Saudi reformists are to send a new petition to King Abdullah calling for the release of fellow activists and an end to the harassment of bloggers and journalists, one of them told AFP.
The petition also demands the promulgation of a law “guaranteeing people’s rights and freedom… on the basis of Islamic tenets,” said Mohammed bin Hudeijan al-Harbi, one of 12 Islamist reformists who drafted the document.
The petition, which complains that the scope of freedom and “peaceful expression” in the ultra-conservative kingdom has narrowed over the past year, is timed to mark one year since nine reformists were arrested.
One of the nine, lawyer Issam Basrawi, was freed in September after his health seriously deteriorated. But the others, who include lawyers and academics, remain in detention without trial since early February 2007.
“We urge you to … put an end to arbitrary practices and set free prisoners of conscience and (those held) for peaceful expression of their views,” the petition tells the king.
It also calls for “all those arrested, irrespective of the charges against them, to be either released or given a public trial,” referring to Islamist suspects held without trial for violence which broke out in 2003.

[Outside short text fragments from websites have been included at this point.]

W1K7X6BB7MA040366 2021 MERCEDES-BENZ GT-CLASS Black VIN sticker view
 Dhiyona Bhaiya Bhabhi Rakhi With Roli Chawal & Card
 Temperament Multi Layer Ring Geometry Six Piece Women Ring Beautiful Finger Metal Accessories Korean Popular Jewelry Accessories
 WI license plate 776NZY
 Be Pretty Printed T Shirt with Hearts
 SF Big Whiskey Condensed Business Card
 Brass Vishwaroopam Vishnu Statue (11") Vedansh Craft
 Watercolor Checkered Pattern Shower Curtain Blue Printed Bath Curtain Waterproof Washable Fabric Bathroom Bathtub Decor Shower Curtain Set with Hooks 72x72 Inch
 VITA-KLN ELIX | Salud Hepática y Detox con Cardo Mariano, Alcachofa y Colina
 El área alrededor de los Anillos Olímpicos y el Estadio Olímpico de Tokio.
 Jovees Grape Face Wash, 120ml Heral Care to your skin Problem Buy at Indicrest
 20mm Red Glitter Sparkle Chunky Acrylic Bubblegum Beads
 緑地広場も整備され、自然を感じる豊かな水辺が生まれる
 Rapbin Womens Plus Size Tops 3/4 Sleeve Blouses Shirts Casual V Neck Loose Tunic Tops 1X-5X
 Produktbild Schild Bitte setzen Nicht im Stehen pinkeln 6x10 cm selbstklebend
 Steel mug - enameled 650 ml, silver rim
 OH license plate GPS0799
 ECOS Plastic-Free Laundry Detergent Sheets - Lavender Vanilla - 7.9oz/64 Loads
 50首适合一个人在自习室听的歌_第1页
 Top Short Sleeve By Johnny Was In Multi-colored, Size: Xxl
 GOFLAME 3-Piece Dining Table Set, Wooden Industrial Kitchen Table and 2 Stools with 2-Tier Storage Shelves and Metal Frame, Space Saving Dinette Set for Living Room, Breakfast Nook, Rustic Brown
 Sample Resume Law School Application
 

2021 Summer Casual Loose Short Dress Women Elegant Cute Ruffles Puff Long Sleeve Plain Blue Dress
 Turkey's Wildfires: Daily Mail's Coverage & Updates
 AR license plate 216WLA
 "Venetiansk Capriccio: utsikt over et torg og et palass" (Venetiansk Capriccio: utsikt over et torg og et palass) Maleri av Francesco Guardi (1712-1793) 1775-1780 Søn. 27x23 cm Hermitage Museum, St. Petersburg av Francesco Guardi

Harbi said signatures were being collected for the petition to be sent to King Abdullah within a month, even though two previous petitions sent since last April did not elicit a response.
One of the previous messages demanded the establishment of an Islam-based constitutional monarchy in Saudi Arabia, which is ruled by an absolute monarchy and prohibits political parties.
The other called for the release of the nine reformists, saying they had only been mulling the formation of an Islamic political party and accusing the interior ministry of trying to discredit them by associating them with terror funding.
The new petition slams the “unfair trials based on fabrications” which resulted in jail sentences of six and four months against prominent Islamist reformist Abdullah al-Hamed and his brother Issa on charges of inciting women’s protests.
The two men are appealing the sentences passed in November and are free on bail.
The petition cites other activists arrested or harassed.
It condemns the arrest in December of Internet blogger Fuad al-Farhan and the harassment of other bloggers and the closure of their blogs “because they champion reform.”
Journalists have also been targeted, including a television presenter arrested along with his female studio guest after she criticised a government institution, the document says.
It warns that such abuses are liable to fuel frustration and violence because they targeted peaceful activists.